Northern Irish lawn bowler

George Best (13 April 1911 – 25 September 1994), was an international lawn bowler from Northern Ireland who competed at the British Empire and Commonwealth Games (now Commonwealth Games).

== Biography ==
Best was first capped by Ireland at international level in 1946. He was a 21st president of the Willowfield Bowling Club of Belfast and was given the honour of re-opening the club's green at Gibson Park in April 1949.

It was also in 1949 that Best won the pairs championship of Ireland with Syd Thompson at the Irish National Bowls Championships and the duo won a second pairs title in 1957.

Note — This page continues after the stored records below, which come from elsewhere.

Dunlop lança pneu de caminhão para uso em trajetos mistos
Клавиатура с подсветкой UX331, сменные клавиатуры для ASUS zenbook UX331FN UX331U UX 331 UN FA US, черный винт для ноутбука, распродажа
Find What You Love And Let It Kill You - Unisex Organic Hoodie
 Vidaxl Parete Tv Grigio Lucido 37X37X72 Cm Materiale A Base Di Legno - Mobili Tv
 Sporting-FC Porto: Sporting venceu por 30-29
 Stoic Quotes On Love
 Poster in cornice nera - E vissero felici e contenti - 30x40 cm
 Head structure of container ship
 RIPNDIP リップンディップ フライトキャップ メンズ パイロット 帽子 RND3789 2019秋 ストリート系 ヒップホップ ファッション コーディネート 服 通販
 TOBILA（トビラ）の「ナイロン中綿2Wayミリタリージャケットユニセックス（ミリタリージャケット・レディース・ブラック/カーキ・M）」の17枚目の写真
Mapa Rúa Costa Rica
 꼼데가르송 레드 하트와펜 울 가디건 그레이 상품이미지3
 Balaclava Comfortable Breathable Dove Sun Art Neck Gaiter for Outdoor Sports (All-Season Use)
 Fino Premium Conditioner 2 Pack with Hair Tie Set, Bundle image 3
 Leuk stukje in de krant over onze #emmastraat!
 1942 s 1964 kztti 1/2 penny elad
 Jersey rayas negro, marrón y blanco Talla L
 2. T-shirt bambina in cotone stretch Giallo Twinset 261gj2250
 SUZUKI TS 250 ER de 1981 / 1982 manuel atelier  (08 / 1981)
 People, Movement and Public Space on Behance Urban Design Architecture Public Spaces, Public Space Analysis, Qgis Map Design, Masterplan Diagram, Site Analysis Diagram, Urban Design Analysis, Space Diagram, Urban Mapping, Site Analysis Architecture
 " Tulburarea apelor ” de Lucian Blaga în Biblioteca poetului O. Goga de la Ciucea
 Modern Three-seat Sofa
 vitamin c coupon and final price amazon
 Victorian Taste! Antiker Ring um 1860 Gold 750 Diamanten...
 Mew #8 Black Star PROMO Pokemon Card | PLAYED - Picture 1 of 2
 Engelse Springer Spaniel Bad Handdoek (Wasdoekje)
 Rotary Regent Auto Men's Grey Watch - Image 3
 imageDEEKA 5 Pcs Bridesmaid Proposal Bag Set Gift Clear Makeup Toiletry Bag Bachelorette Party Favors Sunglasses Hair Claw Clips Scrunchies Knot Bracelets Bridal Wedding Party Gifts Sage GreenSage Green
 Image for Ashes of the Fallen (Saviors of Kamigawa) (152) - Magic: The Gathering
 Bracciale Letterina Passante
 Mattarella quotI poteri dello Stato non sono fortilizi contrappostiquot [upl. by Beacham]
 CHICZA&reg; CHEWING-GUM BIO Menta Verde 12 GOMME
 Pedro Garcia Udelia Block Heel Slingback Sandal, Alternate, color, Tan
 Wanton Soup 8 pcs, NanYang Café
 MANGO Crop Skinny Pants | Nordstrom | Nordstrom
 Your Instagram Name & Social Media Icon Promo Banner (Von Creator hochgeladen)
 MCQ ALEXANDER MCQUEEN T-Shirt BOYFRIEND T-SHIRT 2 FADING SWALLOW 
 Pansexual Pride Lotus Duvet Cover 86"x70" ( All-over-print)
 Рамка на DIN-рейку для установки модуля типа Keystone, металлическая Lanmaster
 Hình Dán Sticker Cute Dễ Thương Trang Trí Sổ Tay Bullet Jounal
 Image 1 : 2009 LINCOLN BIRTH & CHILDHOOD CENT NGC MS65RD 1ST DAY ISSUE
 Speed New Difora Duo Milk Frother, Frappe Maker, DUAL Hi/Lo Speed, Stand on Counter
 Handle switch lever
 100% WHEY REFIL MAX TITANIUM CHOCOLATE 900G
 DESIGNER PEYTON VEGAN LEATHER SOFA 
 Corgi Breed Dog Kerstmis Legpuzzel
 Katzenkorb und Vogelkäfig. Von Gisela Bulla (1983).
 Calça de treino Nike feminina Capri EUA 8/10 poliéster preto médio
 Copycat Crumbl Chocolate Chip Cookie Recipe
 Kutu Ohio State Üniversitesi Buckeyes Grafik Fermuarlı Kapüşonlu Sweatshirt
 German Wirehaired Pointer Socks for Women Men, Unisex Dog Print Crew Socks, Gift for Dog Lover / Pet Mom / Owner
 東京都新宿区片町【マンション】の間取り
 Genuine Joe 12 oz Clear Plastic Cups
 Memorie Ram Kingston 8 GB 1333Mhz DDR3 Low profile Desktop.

Best represented the 1958 Northern Irish team at the 1958 British Empire and Commonwealth Games in Cardiff, Wales in the fours event, with Gerry Crossey, Tom Henry and Jack Webb, where the team finished in eighth place.

Best and Thompson teamed up with William Greer and Fred Greer to win consecutive fours titles in 1960 and 1961. Also in 1961, Best was named captain of the Irish team for the 1961 internationals.

In 1962 he retired as honorary secretary of the Willowfield Club after nine years in the role. He was also the president of Linfield F.C. and died in 1994.